“You shouldn’t have done that!” Tamara gasped.
“The gaijin betrayed Hal -san ,” Dayuki declared approvingly.
“He controlled most of our supply line!” Tamara exclaimed. “He may have arranged to disclose what he knew about us if he died!”
“Then you’d better arrange to get someone in here to find out,” Hal replied. “In the meantime, we know right about where Reilly is going to be in a couple of hours and we need to get there before Sorenson’s people pick him up.”
Hal slugged down the last of his whiskey and tossed the glass in after the bodies.
Great Northern Preserve: 2709:09:18 Standard
The Minzoku sailors did not bother to blindfold Terson at the egress ladder—it was pitch black outside and cold as an icebox.
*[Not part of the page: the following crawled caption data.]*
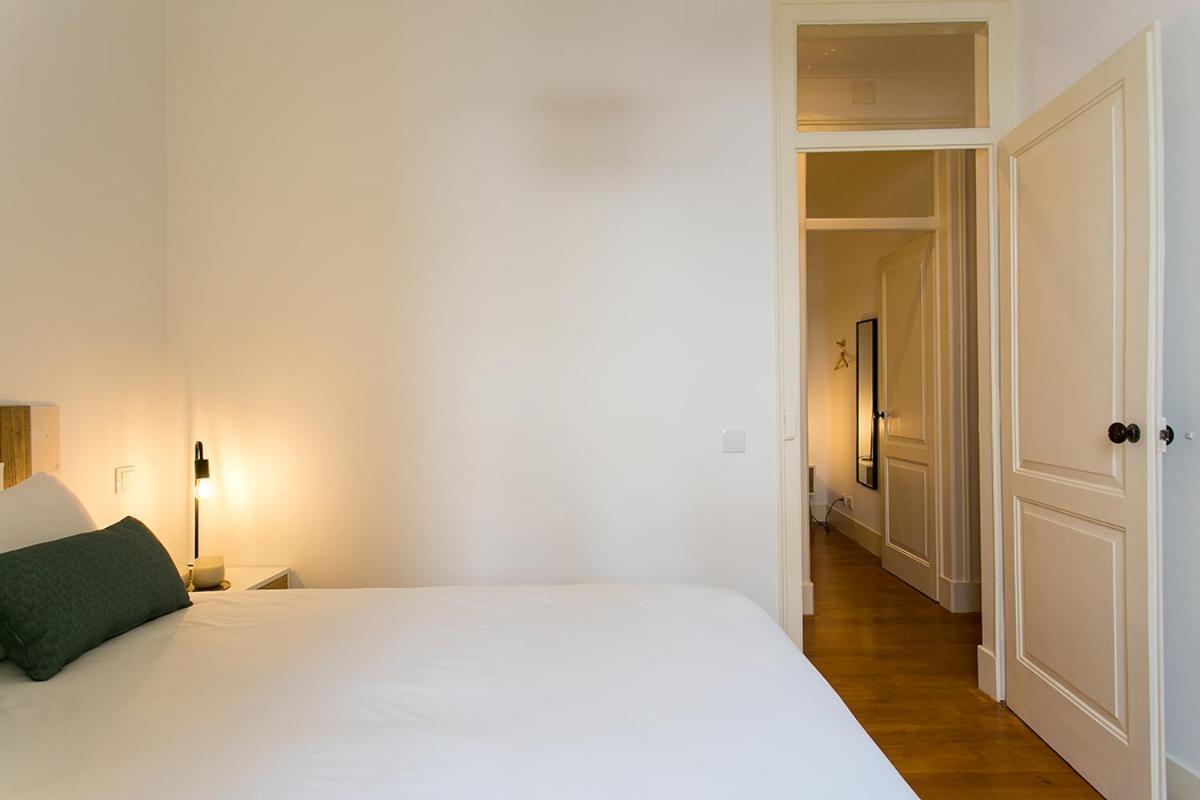 Lovelystay - Cozy 3Bdr Apartment In Estrela Lisboa Dış mekan fotoğraf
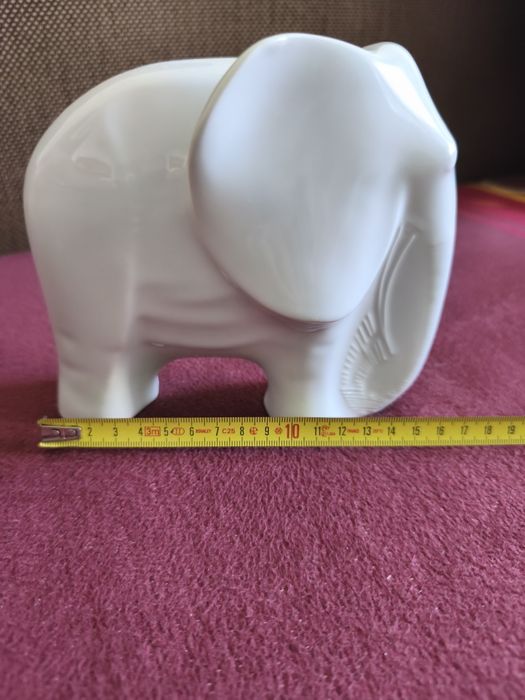 Decoratiune ceramica elefant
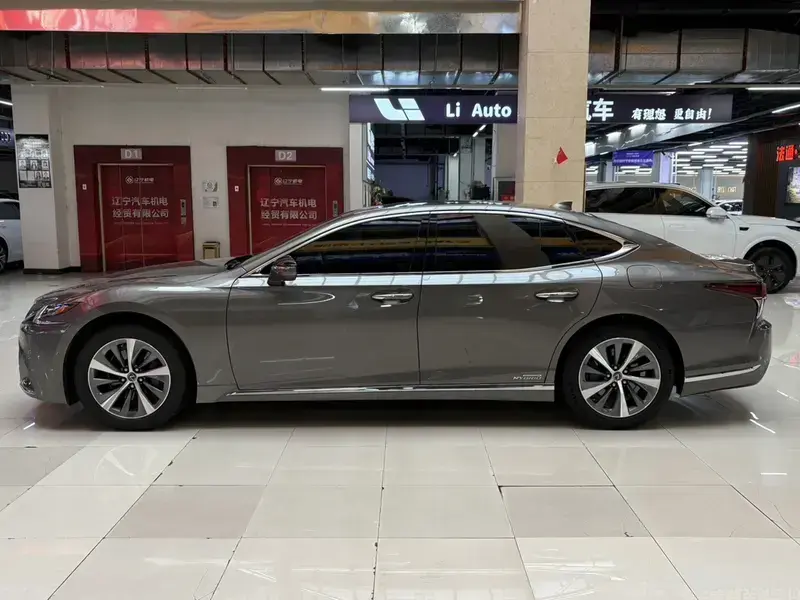 2020 Lexus LS с пробегом 86 000 км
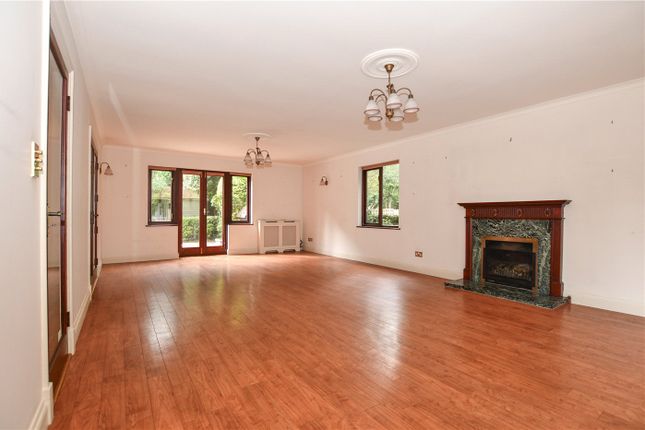 23, Ashdale Park, Wokingham photo 4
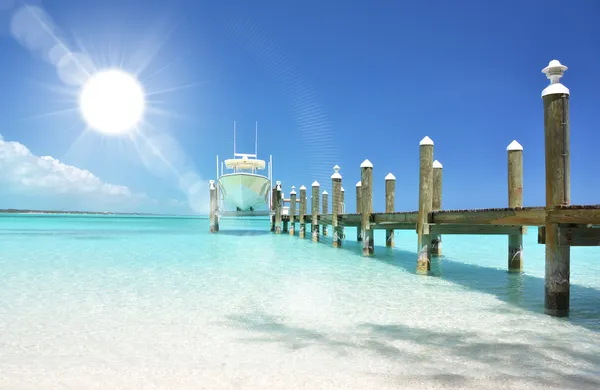 Yacht at the wooden jetty — Stock Photo, Image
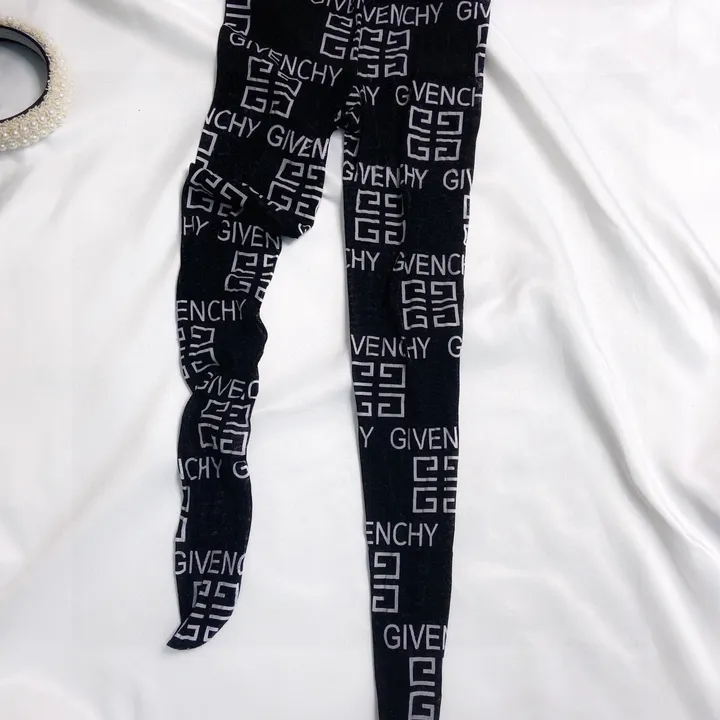 スーパーコピー ジバンシィ 靴下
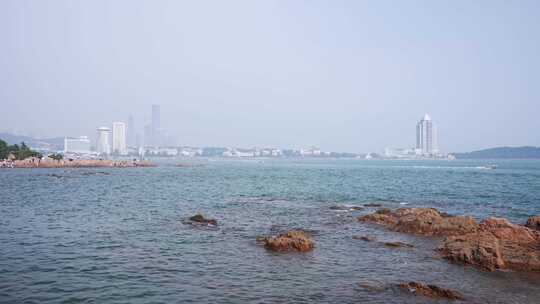 青岛大海和城市风光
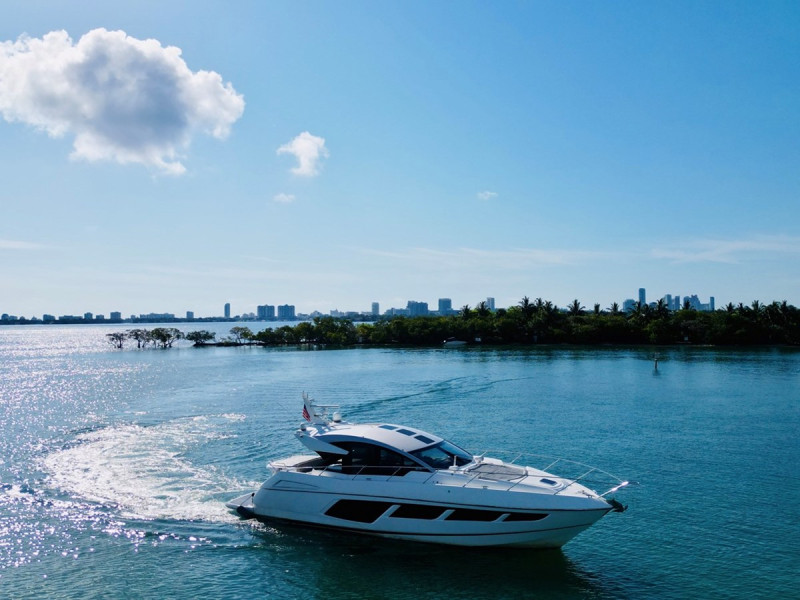 PREDATOR 57 2018 57' 0" SUNSEEKER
His borrowed clothing offered no barrier to the incessant coastal breeze and the air was heavy with the ominous promise of worse to come. Lineman and Boathook helped him into a waiting inflatable raft. The flat-bottomed little craft rode the swell of each wave as its electric motor propelled it across the water, adding nausea to Terson’s discomfort.
They’d taken Terson back to the submarine after a wait of mere hours. Upon reaching the submarine’s destination—a detail Den Tun refused to reveal—Terson would turn over the old man’s evidence to someone who would ferry him to “sympathetic gaijin .”
It seemed unlikely that the Minzoku or their sympathizers could hatch a feasible scheme to get him off-world in such a short period of time, and he suspected that the Minzoku were under pressure to get the transfer underway as soon as possible, leaving the responsibility of arrangements to their mysterious contact.
Terson wanted an explicit statement to that effect, but Den Tun made it clear that he was not privileged to details beyond those necessary to perform his task, answering his demand for more substantive information with an offer to release him immediately and point him in the direction of the nearest outlaw gaijin colony. If not for what he’d already seen and heard Terson might have accepted the offer, but his practiced cynicism could not ignore the probability of a bullet to the head—some irony, there—within his first ten steps.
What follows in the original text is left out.